Nonequilibrium Quantum Critical Steady State: Transport Through a Dissipative Resonant Level

TL;DR

This paper investigates the nonequilibrium steady-state current near a quantum critical point in a dissipative quantum dot system, combining analytical theory and experimental measurements with excellent agreement.

Contribution

It provides the first combined analytical and experimental study of nonequilibrium transport at a quantum critical point in a dissipative resonant level system.

Findings

Analytical calculation matches experimental data without fitting parameters.

Identifies a two-channel Kondo-like quantum critical point in the system.
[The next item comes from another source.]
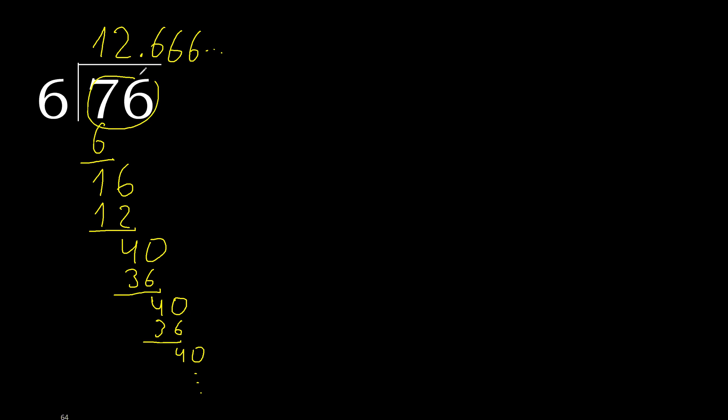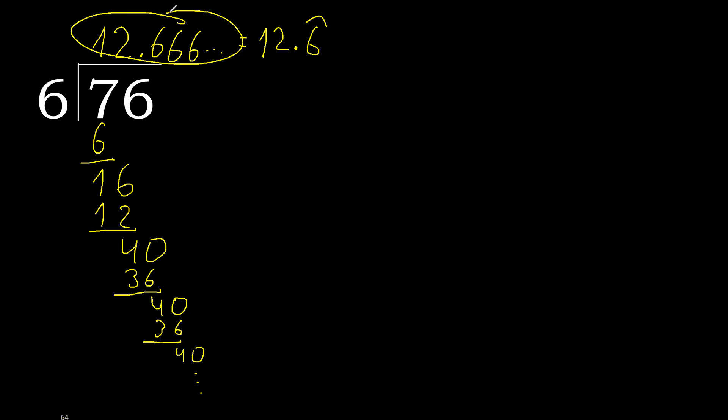Finish it. 76 divided by 6 is here, after the point, 6 repeats. Okay, like this or like this. Finish it.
Demonstrates the system's suitability for studying nonequilibrium quantum phenomena.

Abstract

Nonequilibrium properties of correlated quantum matter are being intensively investigated because of the rich interplay between external driving and the many-body correlations. Of particular interest is the nonequilibrium behavior near a quantum critical point (QCP), where the system is delicately balanced between different ground states. We present both an analytical calculation of the nonequilibrium steady-state current in a critical system and experimental results to which the theory is compared. The system is a quantum dot coupled to resistive leads: a spinless resonant level interacting with an ohmic dissipative environment. A two channel Kondo-like QCP occurs when the level is on resonance and symmetrically coupled to the leads, conditions achieved by fine-tuning using electrostatic gates. We calculate and measure the nonlinear current as a function of bias ($I$-$V$ curve) at the critical values of the gate voltages corresponding to the QCP. The quantitative agreement between the experimental data and the theory, with no fitting parameter, is excellent. As our system is fully accessible to both theory and experiment, it provides an ideal setting for addressing nonequilibrium phenomena in correlated quantum matter.